Statistics in SQL
Statistics in SQL
SQL isn’t a statistical programming language, but you can use
built-in functions and a few
tricks to calculate simple descriptive statistics such as the
sum, mean, and standard deviation.
For more-sophisticated analyses you should use your DBMS’s OLAP
(online analytical
processing) component or export your data to a dedicated
statistical environment such as
Excel, R, SAS, or SPSS.
What you should not do is write statistical routines
yourself in SQL or a host language.
Implementing statistical algorithms correctly—even simple
ones—means understanding
trade-offs in efficiency (the space needed for arithmetic
operations), stability (cancellation
of significant digits), and accuracy (handling pathologic sets
of values). See, for example,
Ronald Thisted’s Elements of Statistical Computing (Chapman
& Hall/CRC) or John
Monahan’s Numerical Methods of Statistics (Cambridge
University Press).
You can get away with using small combinations of
built-in SQL functions, such as
STDEV()/(SQRT(COUNT())
for the standard error of
the mean, but don’t use complex SQL
expressions for correlations, regression, ANOVA (analysis of
variance), or matrix arithmetic,
for example.

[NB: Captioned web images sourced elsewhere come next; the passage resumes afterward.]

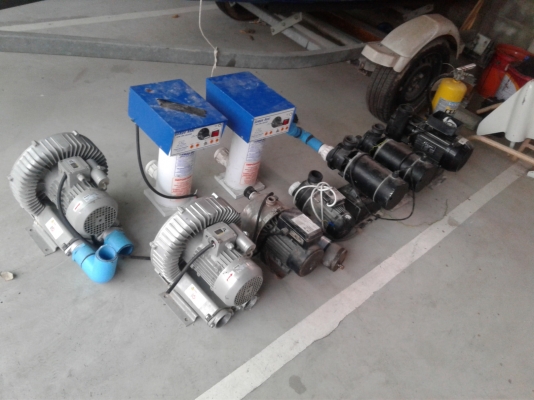 ปั๊มน้ำ บ่อปลา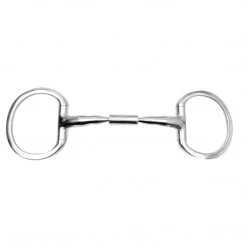 Toklat Originals Toklat Myler Eggbutt Without Hooks Snaffle MB 02-14mm Horse Bits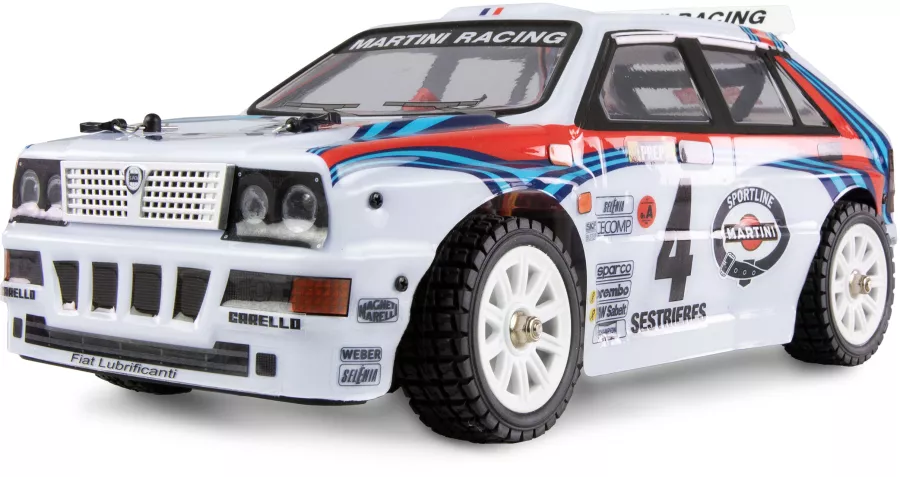 Masina RC cu telecomanda Lancia Delta Integrale Rally/Drift/45Km/h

Check your DBMS’s SQL and OLAP documentation to see
which functions it
offers. Built-in functions aren’t portable, but they run far
faster and more accurately than
equivalent query expressions.
The functions MIN() and MAX() calculate order statistics, which are values derived from
a
dataset that’s been sorted (ordered) by size. Well-known order
statistics include the trimmed
mean, rank, range, mode, and median. Chapter 15 covers the
trimmed mean, rank, and median.
The range is the difference between the largest and
smallest values: MAX(expr)-MIN(expr). The
mode is
the value that appears most frequently. A dataset can have more than one mode.
The
mode is a weak descriptive statistic because it’s not robust,
meaning that it can be affected by
adding a small number or unusual or incorrect values to the
dataset. This query finds the
mode of book prices in the sample database:
SELECT price,
COUNT(*) AS frequency
FROM titles
GROUP BY price
HAVING COUNT(*)
>= ALL(SELECT COUNT(*) FROM titles GROUP BY price);
price has two modes:
price frequency
————— —————————
12.99 2
19.95 2